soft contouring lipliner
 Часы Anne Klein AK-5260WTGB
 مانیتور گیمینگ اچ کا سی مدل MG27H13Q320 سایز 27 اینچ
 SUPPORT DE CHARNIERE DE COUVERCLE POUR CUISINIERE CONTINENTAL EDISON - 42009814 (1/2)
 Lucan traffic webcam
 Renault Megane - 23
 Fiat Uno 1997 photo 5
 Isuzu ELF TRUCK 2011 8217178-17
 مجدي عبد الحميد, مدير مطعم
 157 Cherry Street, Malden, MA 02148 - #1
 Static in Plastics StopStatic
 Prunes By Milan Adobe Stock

WHAT YOU SHOULD DO: All entries above are to be repeated verbatim, down to the last line.

FINISHED TASK:
soft contouring lipliner
 Часы Anne Klein AK-5260WTGB
 مانیتور گیمینگ اچ کا سی مدل MG27H13Q320 سایز 27 اینچ
 SUPPORT DE CHARNIERE DE COUVERCLE POUR CUISINIERE CONTINENTAL EDISON - 42009814 (1/2)
 Lucan traffic webcam
 Renault Megane - 23
 Fiat Uno 1997 photo 5
 Isuzu ELF TRUCK 2011 8217178-17
 مجدي عبد الحميد, مدير مطعم
 157 Cherry Street, Malden, MA 02148 - #1
 Static in Plastics StopStatic
 Prunes By Milan Adobe Stock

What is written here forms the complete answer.